#### Dataset content ####

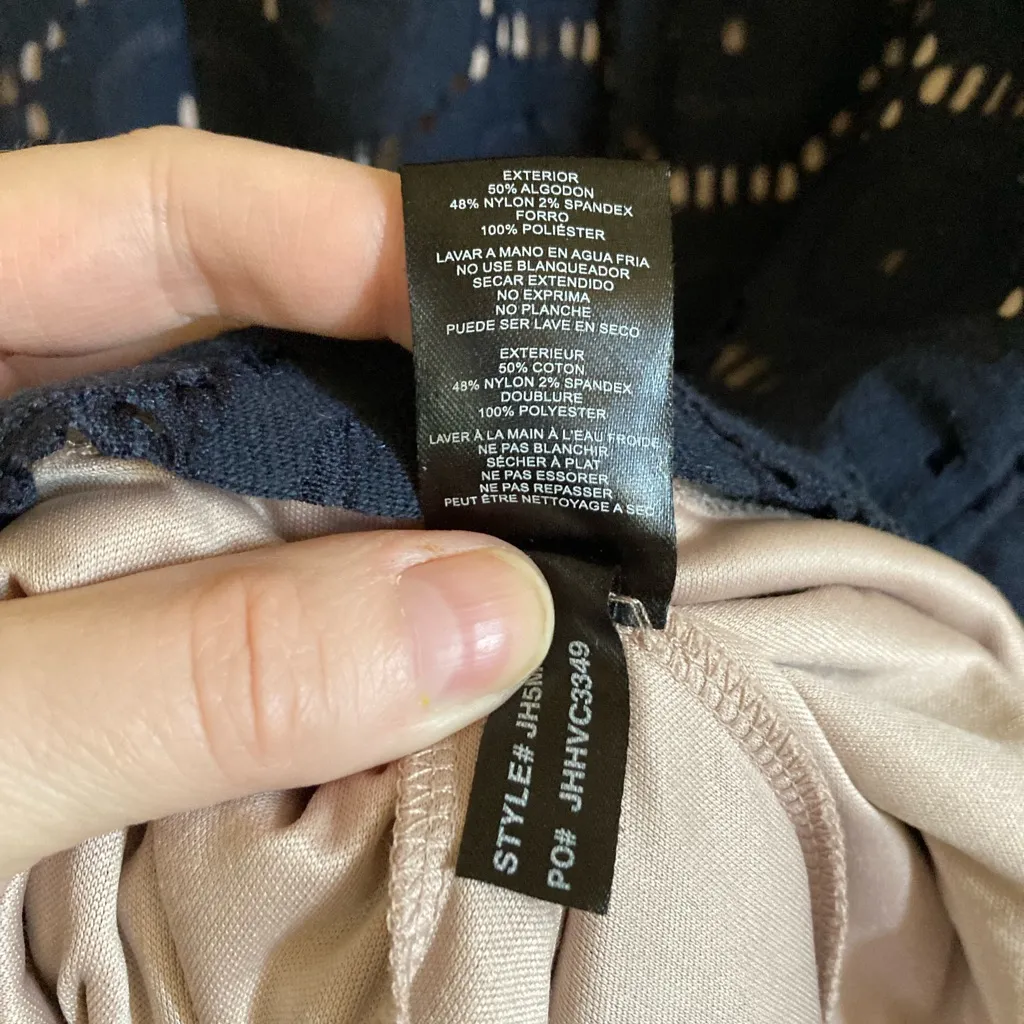 🌞NWOT Jessica Howard Sleeveless Black Lace with Nude Lining Midi Dress A - Image 4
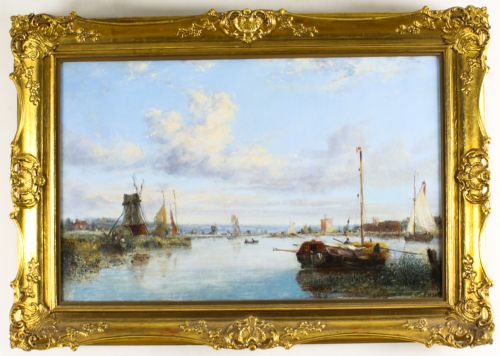 Antique Dutch Waterscape Oil Painting Circle of Pieter Cornelis Dommersen19thc
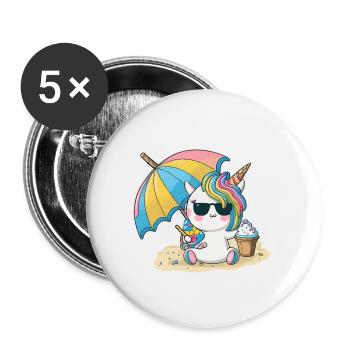 Einhorn-Feenstaub - Lassen Sie sich verzaubern. - Buttons groß 56 mm (5er Pack) - Weiß - Vorne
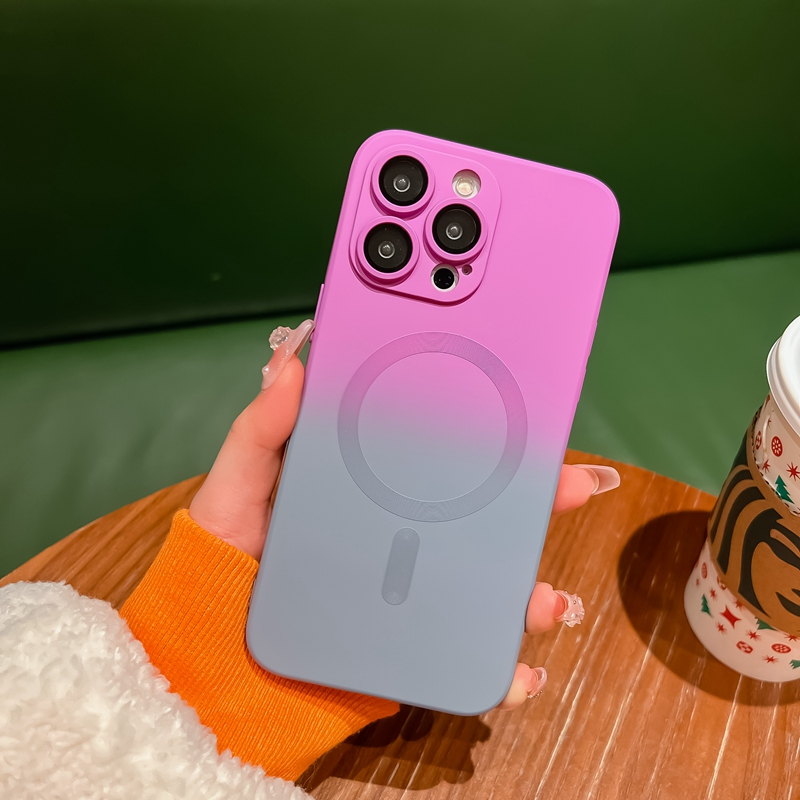 Luxus Magsafe Wireless Charge Matte Hülle für iPhone 14 Pro Max 13 12 11 14 Plus Soft Magnetic Bumper Farbverlauf Farbe Rückseite_voghion.com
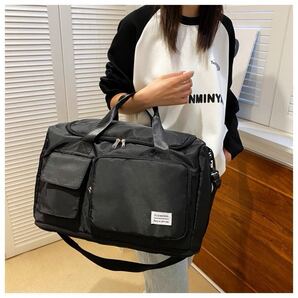 ボストンバッグ 旅行 大容量 拡張 軽量 収納 キャリーオン ナイロン 多機能 黒 ブラック ビジネスバッグ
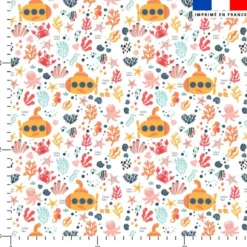 Animaux de l'océan et sous-marin - Fond blanc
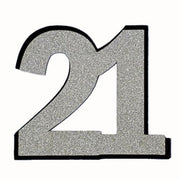21st Glitter Silver Cake Topper (Card 80x70mm) - Cafe Supply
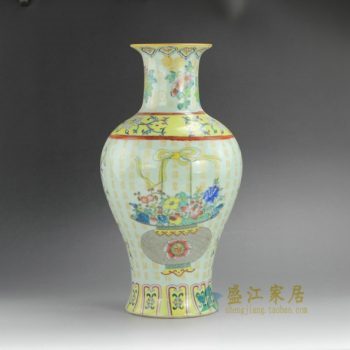 RYVJ07 9796景德镇陶瓷 手绘粉彩花篮福字图文花瓶 赏瓶 家居装饰摆件 规格尺寸：口径 10.5厘米 肚径 18.5厘米 高 35 厘米
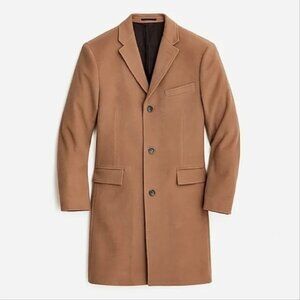 NWT J.Crew Ludlow Men’s Overcoat Italian Fabric Wool-Cashmere 38R Camel/Toffee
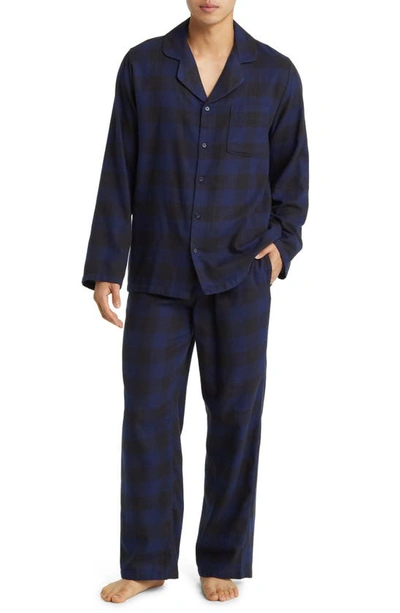 Nordstrom Plaid Flannel Pajamas In Navy Peacoat Love Plaid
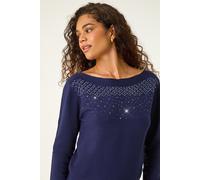 Roman Embellished Boat Neck Jumper for Women UK - Ladies Autumn Everyday Winter Holiday Long Sleeve Soft Sparkle Design Comfy Warm Feel Top Dinner Date Sweaters - Midnight Blue - Size 12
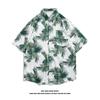 Camisa vintage floral estilo Hong Kong, masculina, manga curta, com estampa havaiana, casual, estilo japonês, camisa solta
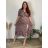 Elegantes Hemd Langarm Damen Kleid (S / M ONE SIZE) ITALIAN FASHION IMWY21734 48/50 braun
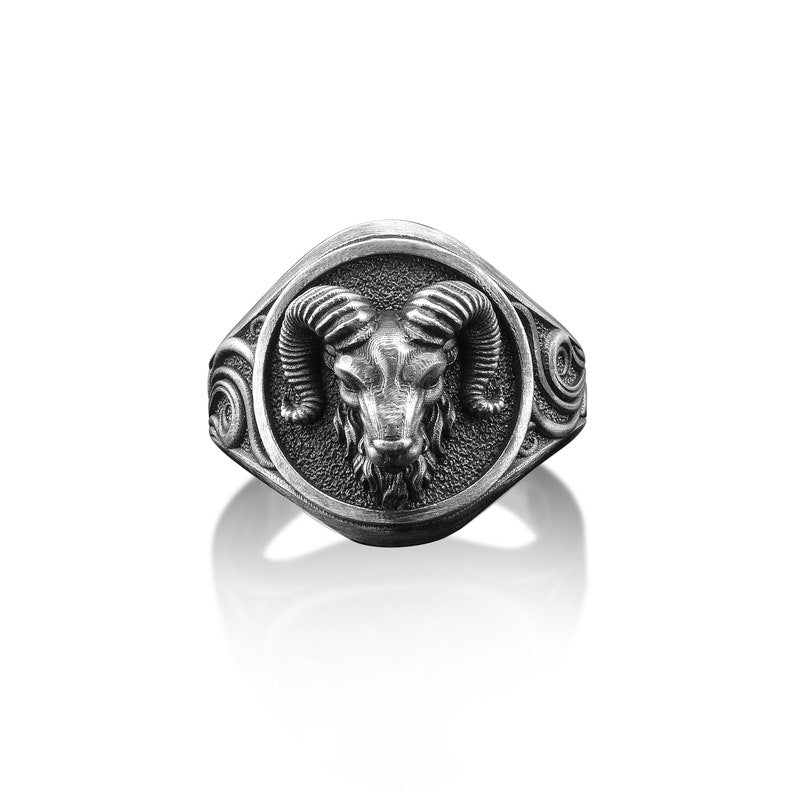 Unique Goat Designed Ring for Aries Zodiac for Men | 925 Sterling Silver Oxidized Ring | Men's Jewelry | With Certificate of Authenticity and 925 Hallmark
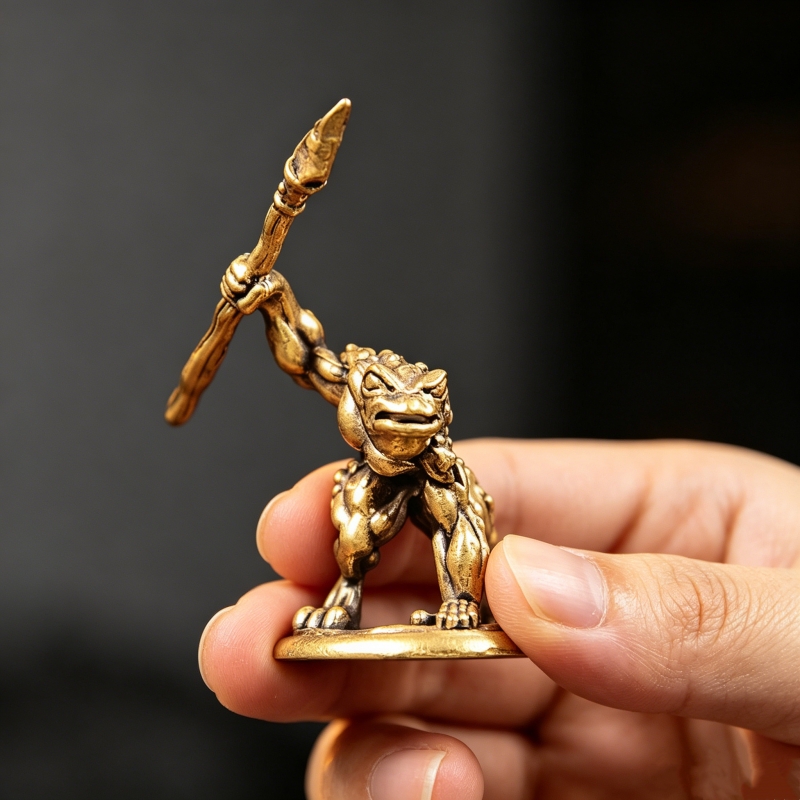 Vintage Brass Frog Warrior Fig - Vintage Collectible Furniture reseña y precio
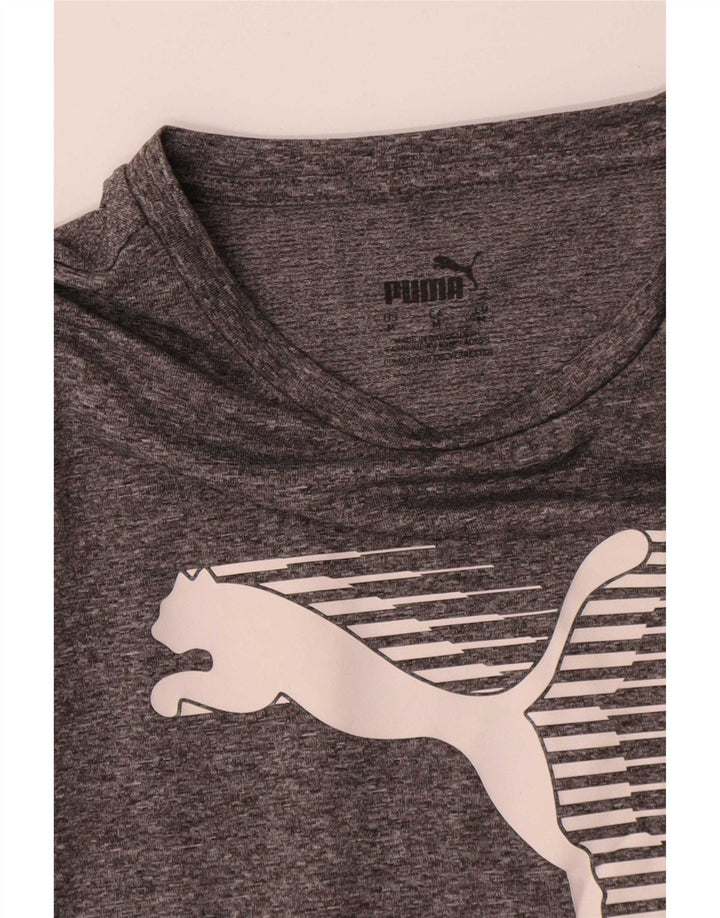 Puma T-shirt graphique pour femme UK 44 Polyester moucheté gris moyen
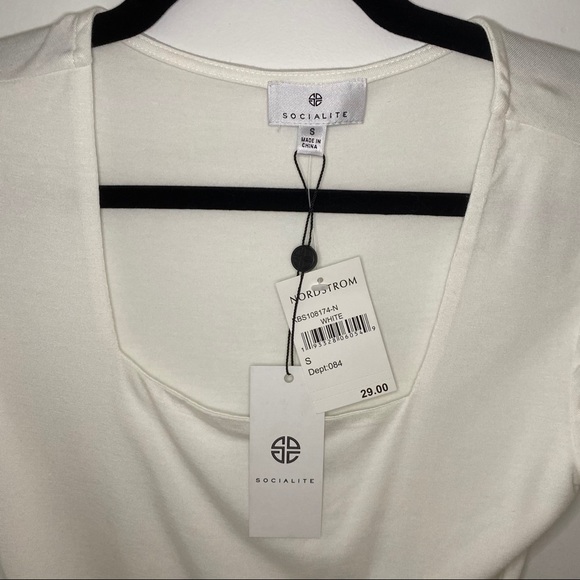 NWT Socialite Square Neck Bodysuit White Small - Picture 7 of 12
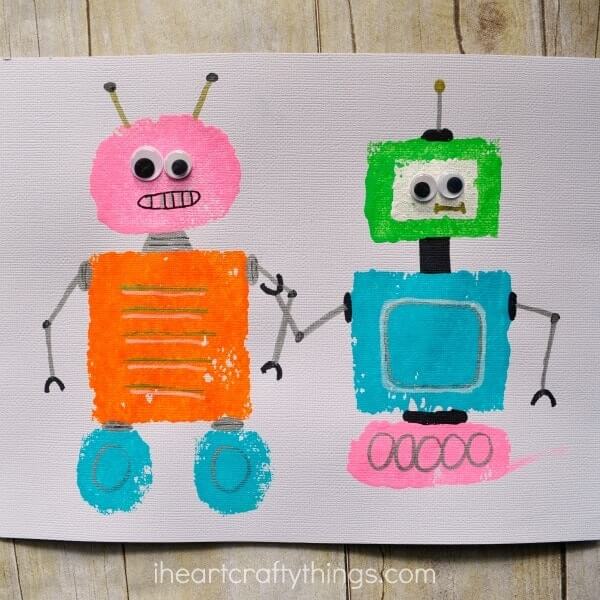 Funny Robots Sponge Painting Craft For Kids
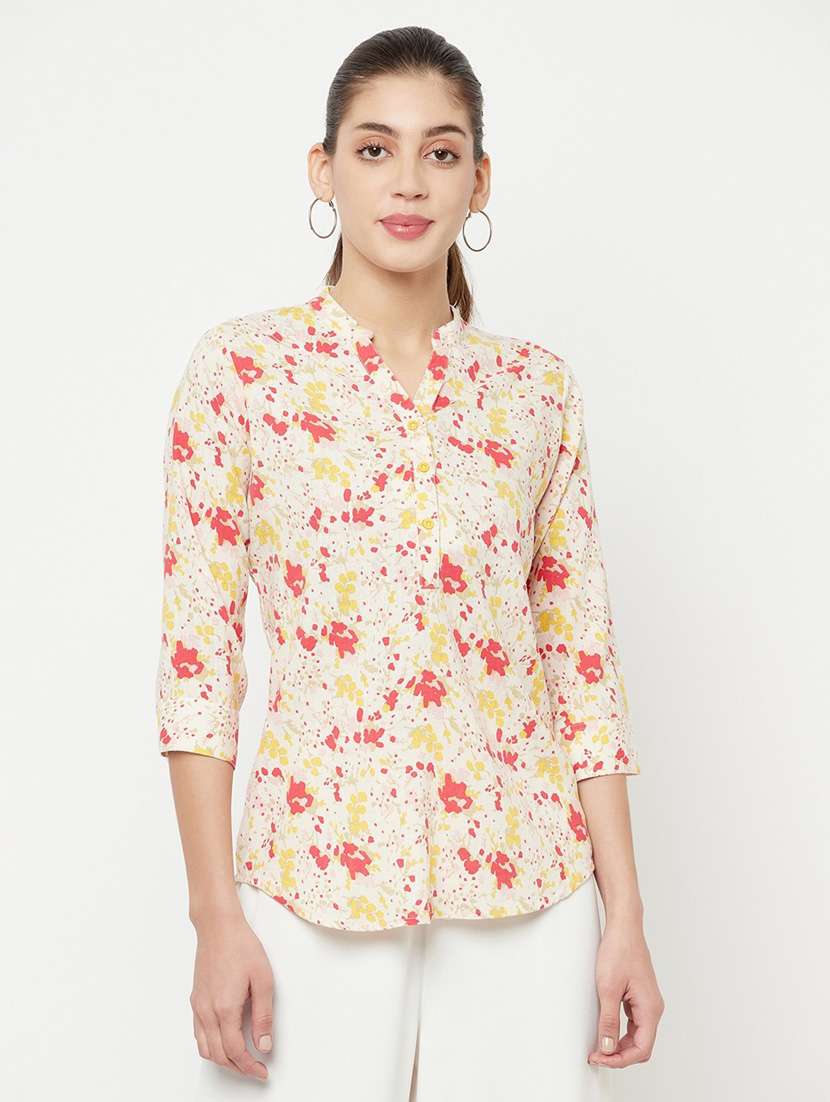 cream abstract print regular tunic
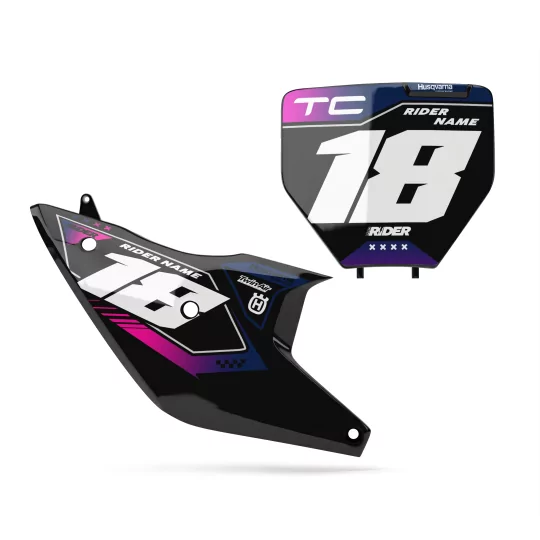 graphics moto GRAPHICS NUMBER PLATES PERSO HUSQVARNA Kinetik Black Black Gradient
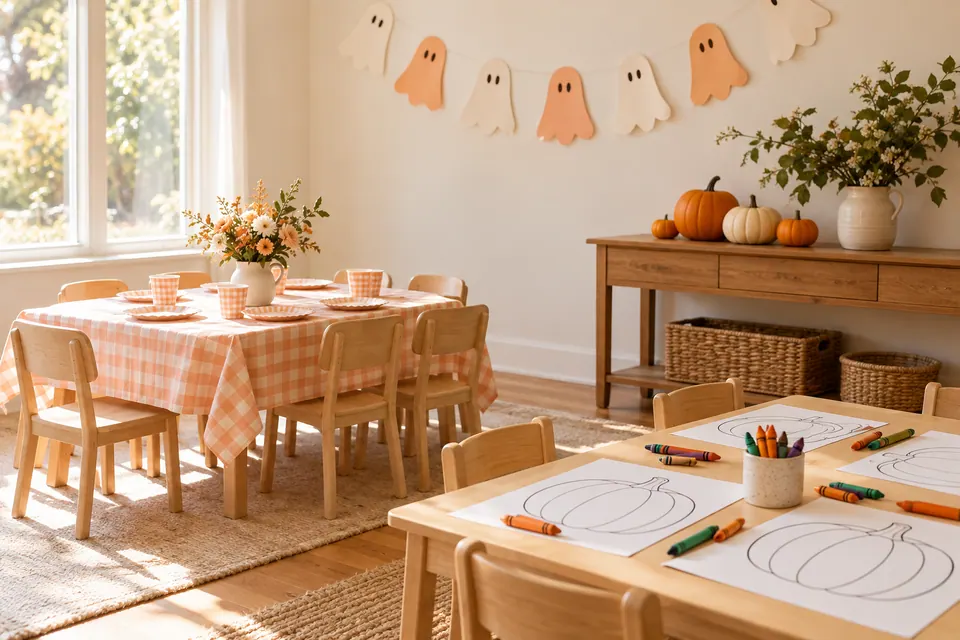 A gentle Halloween party setup with paper ghosts and pumpkin drawing activities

####

• Exercise:
All of the data above should be quoted exactly, except for the pictures.

• Answer area:
 🌞NWOT Jessica Howard Sleeveless Black Lace with Nude Lining Midi Dress A - Image 4
 Antique Dutch Waterscape Oil Painting Circle of Pieter Cornelis Dommersen19thc
 Einhorn-Feenstaub - Lassen Sie sich verzaubern. - Buttons groß 56 mm (5er Pack) - Weiß - Vorne
 Luxus Magsafe Wireless Charge Matte Hülle für iPhone 14 Pro Max 13 12 11 14 Plus Soft Magnetic Bumper Farbverlauf Farbe Rückseite_voghion.com
 ボストンバッグ 旅行 大容量 拡張 軽量 収納 キャリーオン ナイロン 多機能 黒 ブラック ビジネスバッグ
 Animaux de l'océan et sous-marin - Fond blanc
21st Glitter Silver Cake Topper (Card 80x70mm) - Cafe Supply
 RYVJ07 9796景德镇陶瓷 手绘粉彩花篮福字图文花瓶 赏瓶 家居装饰摆件 规格尺寸：口径 10.5厘米 肚径 18.5厘米 高 35 厘米
 NWT J.Crew Ludlow Men’s Overcoat Italian Fabric Wool-Cashmere 38R Camel/Toffee
 Nordstrom Plaid Flannel Pajamas In Navy Peacoat Love Plaid
 Roman Embellished Boat Neck Jumper for Women UK - Ladies Autumn Everyday Winter Holiday Long Sleeve Soft Sparkle Design Comfy Warm Feel Top Dinner Date Sweaters - Midnight Blue - Size 12
 Camisa vintage floral estilo Hong Kong, masculina, manga curta, com estampa havaiana, casual, estilo japonês, camisa solta
 Elegantes Hemd Langarm Damen Kleid (S / M ONE SIZE) ITALIAN FASHION IMWY21734 48/50 braun
 Unique Goat Designed Ring for Aries Zodiac for Men | 925 Sterling Silver Oxidized Ring | Men's Jewelry | With Certificate of Authenticity and 925 Hallmark
 Vintage Brass Frog Warrior Fig - Vintage Collectible Furniture reseña y precio
 Puma T-shirt graphique pour femme UK 44 Polyester moucheté gris moyen
 NWT Socialite Square Neck Bodysuit White Small - Picture 7 of 12
 Funny Robots Sponge Painting Craft For Kids
 cream abstract print regular tunic
 graphics moto GRAPHICS NUMBER PLATES PERSO HUSQVARNA Kinetik Black Black Gradient
 A gentle Halloween party setup with paper ghosts and pumpkin drawing activities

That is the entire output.